Selon Rabin, E1 levait ces objections. Le plan prévoyait en effet de protéger la plus grande colonie juive illégale de Cisjordanie, Maale Adumim, en l’intégrant à la partie orientale de Jérusalem, déjà annexée par Israël, où il installait de plus en plus de colons juifs tout en déplaçant les communautés palestiniennes locales.
Au passage, Rabin, qui a reçu le prix Nobel de la paix avec Yasser Arafat pour avoir signé les accords d’Oslo, était expressément opposé à la création d’un véritable État palestinien. Il voulait d’“une entité qui soit moins qu’un État”, une sorte d’autorité locale améliorée, chargée de gérer les écoles et de collecter les ordures.
Rabin a également conçu des plans pour construire un mur de séparation à travers la Cisjordanie, séparant les colonies israéliennes et les communautés palestiniennes. Son successeur, Ariel Sharon, un ancien général de l’armée aux positions radicales, a construit ce mur près d’une décennie plus tard, emprisonnant les communautés palestiniennes derrière des fortifications d’acier et de béton, et s’appropriant au passage de vastes étendues de leurs terres cultivables. Les capitales occidentales ont, comme toujours, timidement protesté, sans aucun succès.
Après Rabin, tous les Premiers ministres israéliens, qu’ils se revendiquent de la gauche ou de la droite sioniste, ont poursuivi le projet E1 : Netanyahou, Barak, Sharon et Olmert.
Tous ont contribué à la construction des premières infrastructures — les routes et même un poste de police — pour faire du plan E1 une réalité.
Le plan n’a été officiellement gelé qu’en 2009, après une pression énorme exercée par les États-Unis sur Israël. Pourquoi ? Parce que la réalisation du plan E1 ne pouvait signifier qu’une seule chose : la fin définitive de la solution à deux États. Le prétendu intérêt d’Israël pour la “paix” aurait alors été révélé pour ce qu’il a toujours été, même sous Rabin : une mascarade.

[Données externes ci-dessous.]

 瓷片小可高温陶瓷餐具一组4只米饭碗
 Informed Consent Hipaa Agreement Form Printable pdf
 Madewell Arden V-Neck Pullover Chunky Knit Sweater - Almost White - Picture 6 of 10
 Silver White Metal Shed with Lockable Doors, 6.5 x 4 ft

Smotrich l’a clairement exprimé dans ses termes habituels, affirmant que le projet E1 est indispensable, car il “enterrera l’idée d’un État palestinien”. C’est le prélude à l’ambition qu’il partage avec le reste du gouvernement israélien et une grande partie de l’opinion publique : annexer officiellement la Cisjordanie.
Voilà pourquoi The Guardian et d’autres médias qualifient le projet E1 de “très controversé”, un euphémisme au regard de sa nature véritable.

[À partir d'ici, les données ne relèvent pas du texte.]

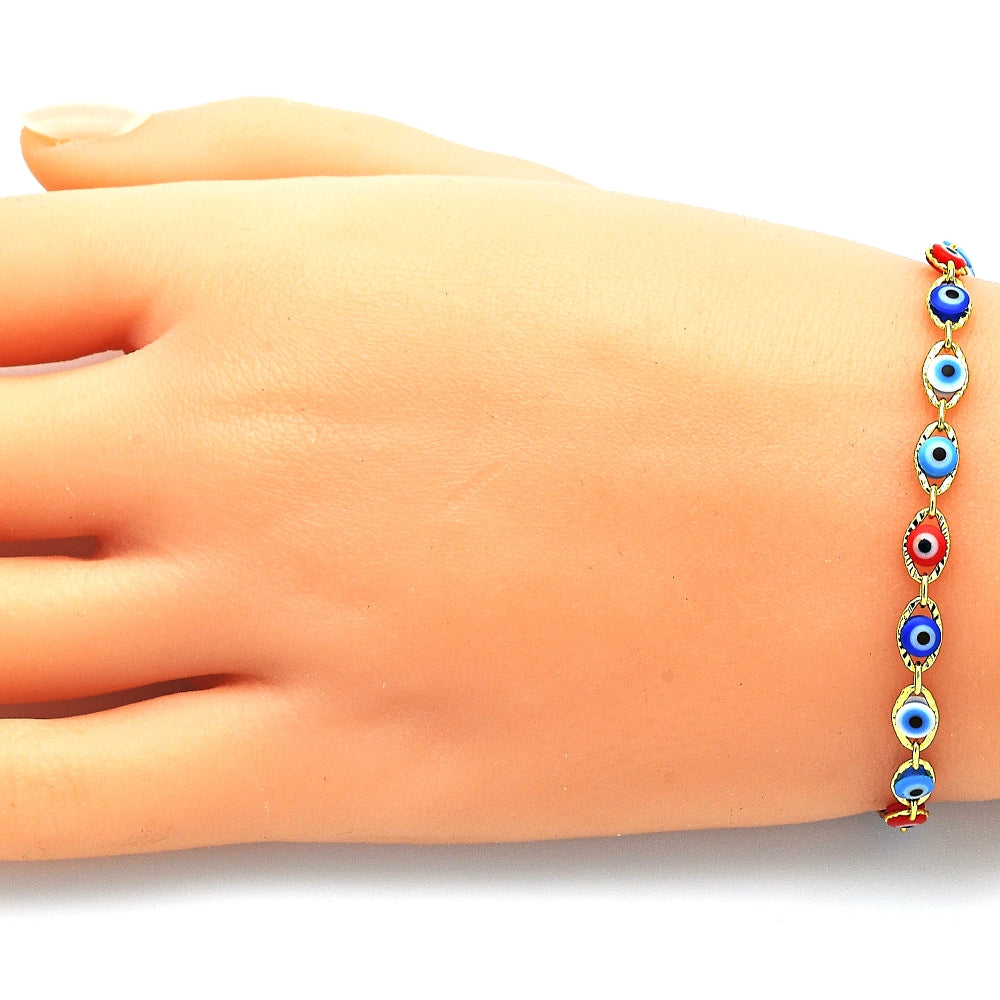 Oro Laminado Adjustable Bolo Bracelet, Gold Filled Style Evil Eye Design, with White Cubic Zirconia, Multicolor Resin Finish, Golden Finish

En réalité, le plan E1 est totalement illégal. Il va à l’encontre de ce qu’a ordonné la Cour internationale de justice, la plus haute juridiction mondiale, l’année dernière. Celle-ci a en effet exigé qu’Israël débute le démantèlement des colonies, mette fin à son système d’apartheid à l’encontre des Palestiniens, qui a permis d’imposer des décennies de colonisation, et restitue tous les territoires volés au peuple palestinien par le régime d’occupation israélien.
Peter Beaumont, correspondant de longue date du Guardian pour les questions internationales, a présenté la situation de la manière la plus favorable possible pour Israël :
“On ne savait toujours pas jeudi dans quelle mesure Smotrich bénéficie du soutien de Netanyahu et de l’administration Trump”.
“Soutien” ? Tous les Premiers ministres israéliens ont cherché à faire avancer le projet E1, Netanyahu pas moins que les autres. Le plan E1 n’est pas controversé en Israël.
Et qu’en est-il de Gaza ?
Les médias traditionnels, y compris les médias dits progressistes comme la BBC et The Guardian, voudraient nous faire croire que les informations sur la Cisjordanie et Gaza proviennent de deux mondes complètement différents. Comme si ce qu’Israël fait aux Palestiniens à Ramallah n’avait aucun lien avec ce qu’il pratique à Gaza.
C’est tout simplement aberrant. Ces deux territoires, ces deux occupations, ces deux systèmes d’apartheid, ces deux programmes de nettoyage ethnique sont le reflet d’une même volonté de domination, d’un même programme de nettoyage ethnique et de colonisation, d’un même mépris raciste pour la vie des Palestiniens émanant d’Israël.
Le projet colonial israélien est une réalité depuis des décennies. Il est évident que la Cisjordanie et Gaza ne sont pas des territoires séparés, mais des parties déconnectées de la même patrie palestinienne, uniquement parce qu’Israël a imposé leur séparation.
Tous les dirigeants israéliens ont adhéré au même programme colonial prévoyant le déplacement et le remplacement du peuple palestinien. À Gaza, ce déplacement est mené dans des délais très courts et a nécessité un génocide au grand jour. En Cisjordanie, il est — pour l’instant du moins — mené de manière plus furtive, plus graduelle et moins flagrante.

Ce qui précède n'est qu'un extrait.